You shouted, “Yes!” and fist pumped. Peyton Manning threw his second interception.
Your heart leapt for joy. Richard Sherman lay writhing in a heap.
You alternately rejoiced or mourned as superhumans on display rose or toppled in glorious, otherworldly fashion. In the Colliseum of our day. The altar of pop culture achievement. The Super Bowl.
If you’re like the rest of us, you picked a team to champion long before the game began. But it probably wasn’t for love of the sport. Most of us who aren’t Denver or Seattle fans couldn’t have cared less about the two teams. We chose who we could oppose as much as any technical aspect of throwing or catching, punting or tackling, worth rooting for.
You chose who you’d love and who you’d hate based on some random connection — college affiliation, jersey color, or flavor of Doritos slot in the preceding commercial break.
Maybe you’re a Dolphins fan and you’re partial to your old friend Wes Welker darting like a jackrabbit. Maybe clean cut Peyton makes it look too easy. Maybe Sherman’s outburst scared you into cultural disapproval. Maybe you posed for a picture with Percy Harvin at Florida and forced your star-struck friend to hold the camera. Maybe you don’t like how Pete Carroll tainted USC. Maybe you’re bitter the Broncos traded Tebow. Maybe a thousand big and little things that make you love one set of colors and hate, with double-fist-pump rage and curses, that other dread set of colors.
Maybe this game is much too real for us. And yet not real enough.
You have to have a hero. You have to choose a villian. Because you are just like me.
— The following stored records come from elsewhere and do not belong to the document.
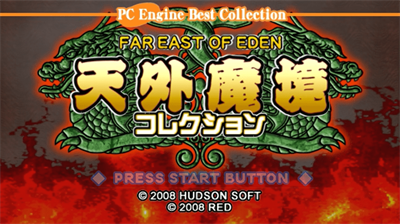 PC Engine Best Collection: Tengai Makyou Collection - Screenshot - Game Title Image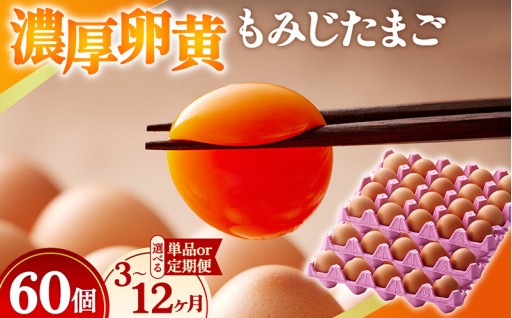 【選べる単品/定期便】濃厚卵黄もみじたまご【60個入】【3ヶ月/6ヶ月/12ヶ月連続】 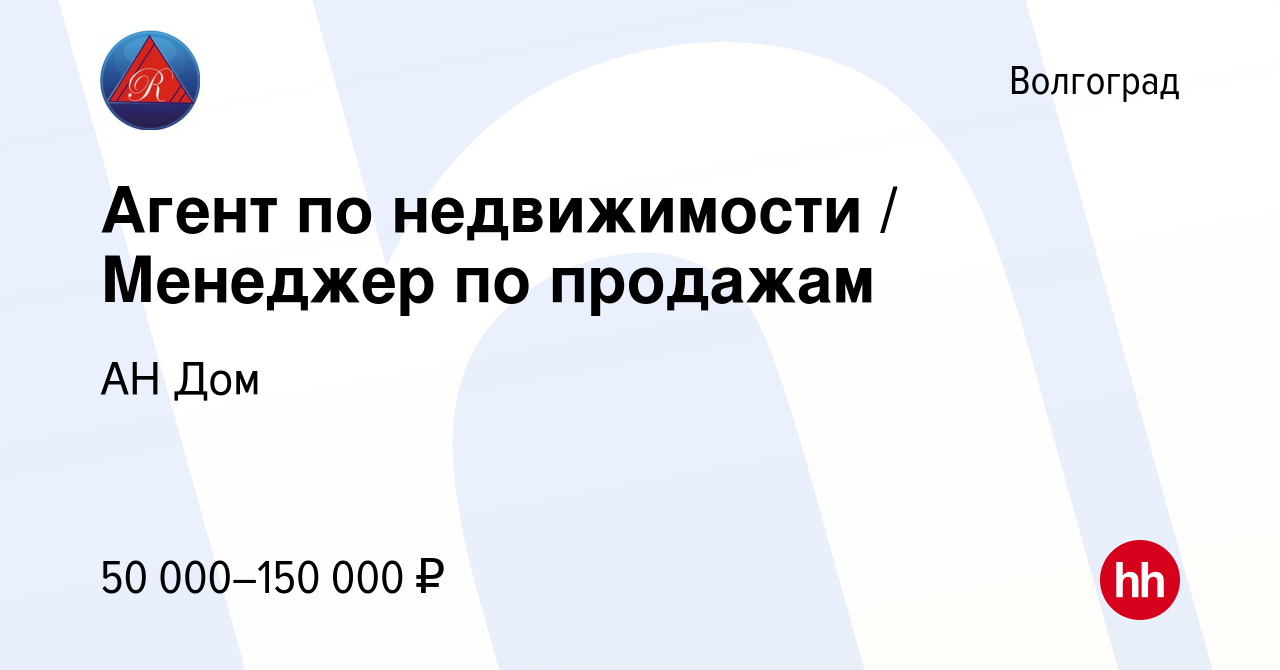 Вакансия Агент по недвижимости / Менеджер по продажам в Волгограде, работа  в компании АН Дом (вакансия в архиве c 4 апреля 2024)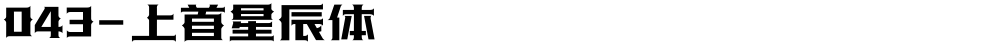 043-上首星辰体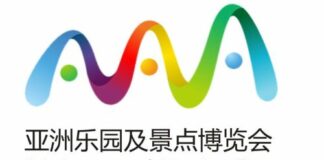 Tredese (Pres. Elmac) ad Agimeg: “L’Asia Amusement & Attractions Expo ricca di prodotti innovativi ed interessanti. La politica cinese, a differenza dell’Italia, vede il comparto dell’amusement come un valore aggiunto di cultura e occupazione”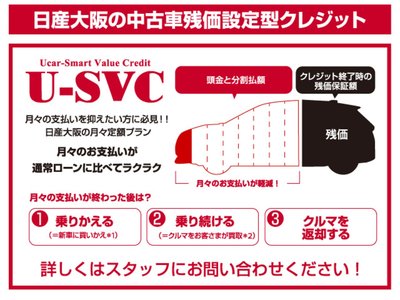 2021 Nissan SKYLINE 缩略图 58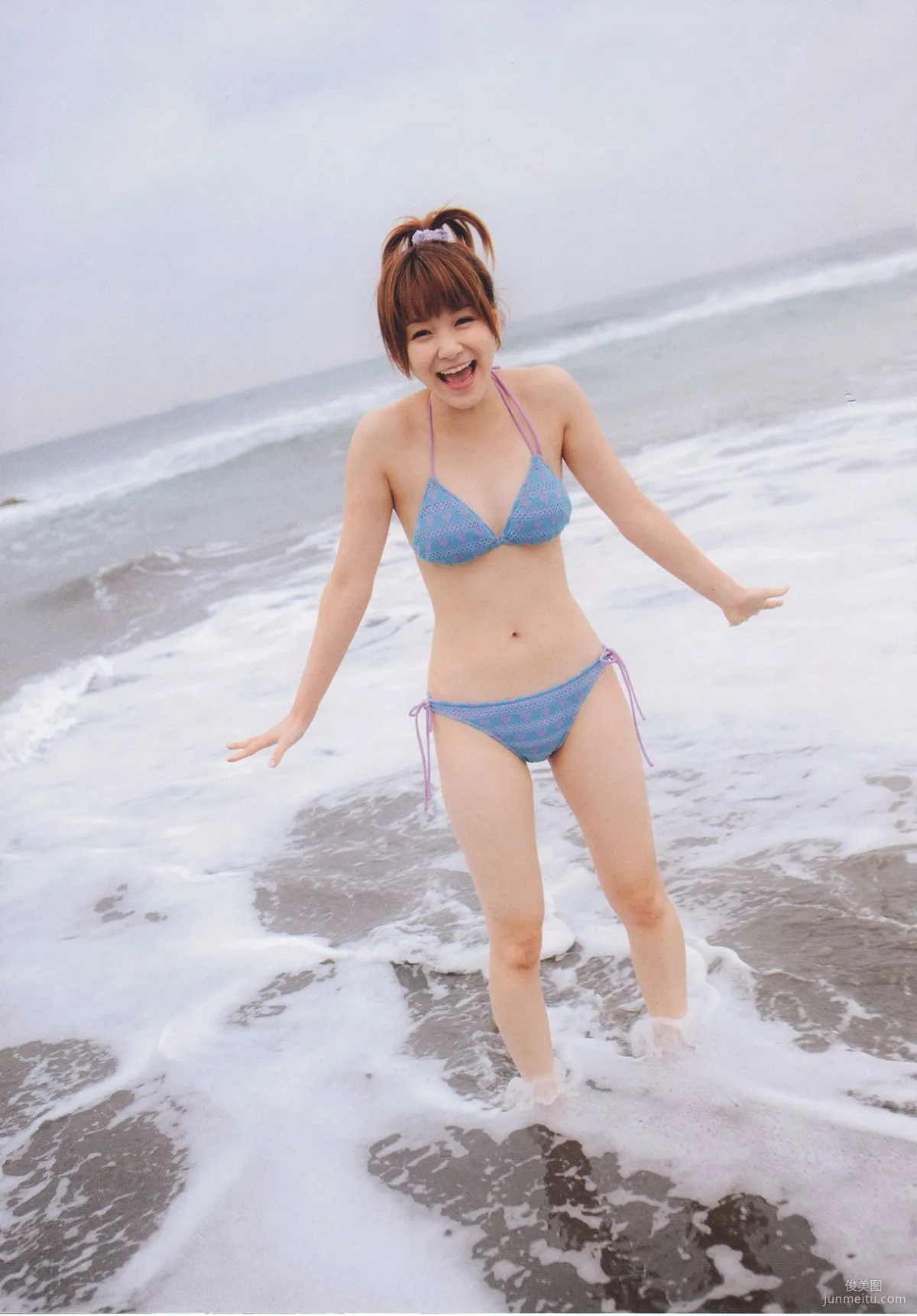 Aika Mitsui: Web Idols photo 38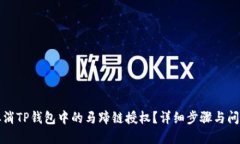 如何取消TP钱包中的马蹄链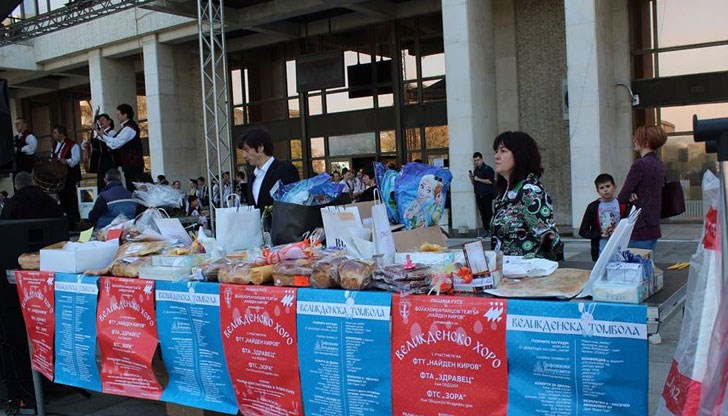 Семейна почивка и живо агънце са големите награди от Великденска томбола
And though we’ll never play a down, for three and a half hours this will be our bitter, screaming, consuming, infuriating, euphoric, black hole swallowing end.
There’s more to this than football.
Oh, I imagine we know deep down there’s nothing so awful or evil about Richard Sherman that we should celebrate when he falls into a contorted heap of pain. Or groan when he’s in for the next play, batting down passes. And there’s nothing that should make us hate a man who throws effortless touchdowns like Kobayashi throws down hot dogs. 50 per showing. Or love him because his Buick commercials make him more approachable than a guy with an UGGs contract and a supermodel wife.
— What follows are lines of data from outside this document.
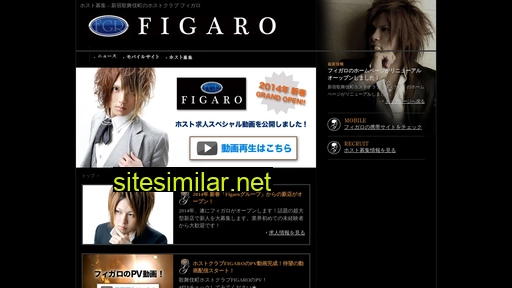 figarogroup.jp alternative sites
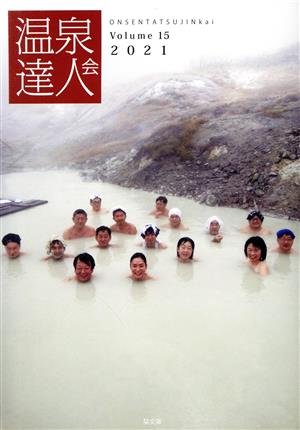 温泉達人会(volume14(2020))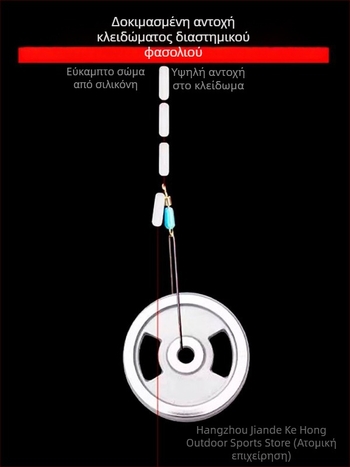 Διαχωριστικά σιλικόνης σε σχήμα ελιάς για το ψάρεμα – μικρά εξαρτήματα σε μαζική συσκευασία για γραμμή αλιείας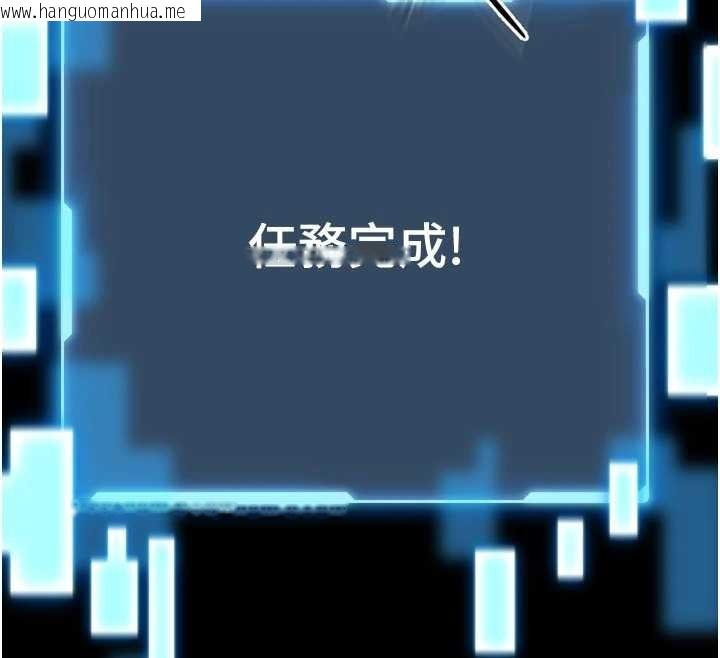 韩国漫画馆长是大野狼韩漫_馆长是大野狼-第9话-已使用发情香水!!在线免费阅读-韩国漫画-第12张图片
Aw, we have one heck of a buy-in to all this. It takes a television interview or church attendance or college degree or geographical location or brand of pickup or choice of charity or girlfriend or tattoo or birthmark or pimple or way of holding a fork for us to alternately make a demon or god out of a man on the screen in front of us.
A human being. No, not a human being. A hero or villian. A mask who fits a narrative we create. The mask, merely a projection of the heart and dreams we hold.
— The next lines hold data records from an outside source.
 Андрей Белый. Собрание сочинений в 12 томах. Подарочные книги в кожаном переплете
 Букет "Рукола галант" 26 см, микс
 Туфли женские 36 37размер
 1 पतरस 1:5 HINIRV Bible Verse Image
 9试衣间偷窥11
The reflection off the screen in front of us, our own.
We fight for every yard with everything we hold dear and in the next squander it away in a rash of unnecessary violence and excessive celebration. All without lifting a finger in our beer can-littered living room.
The final score an indictment or exoneration. Of us. Though we’ll never even walk through stretches, we’ll hold our head high or hang it in disgust.
We need to win. We must win. That guy went to my university. This one’s the real thing. This arbitrary set of irrelevant data points that intersects with me.
Could it be we see something of ourselves in the pretty boy with nice passes or the vicious, roaring competitor?
Or could it be there’s something much more valuable we’ve hidden beneath these intersecting data points — that we desperately hope, like a giant dream clashing with titan dream-catchers, we can still win?
Each of us holds a candle of promise, flickering in the wisp of a last second pass that will be either caught or deflected. A future still possible or soon to be deferred. Held in the hands of our heroes and villians.
Perhaps we’ve got the game wrong. Perhaps it’s more about us than it should be, but less about us than it ever will, as long as we let it do our fighting and stretching and groaning and writhing for us. Perhaps it’s time we get a little unhinged and pull out our own dirty cleats and find out if we still can win, after all. Perhaps this stage, and the combatants on it — a God, a demon, a showdown, a triumph of intense, raw emotion — was written on our hearts before it was ever measured in ratings.
And perhaps we’re invited in by a Hero. To enter the arena. To writhe. To rise.
Perhaps that’s what is reflected in our now-black TV screens. What Richard Sherman and Peyton Manning were never meant to be to us — never could be — why they were meant to fail us in some way, whether by winning or losing or simply becoming less godlike.
Perhaps there is more to this than football. And perhaps, if we simply wait for next season, there never will be.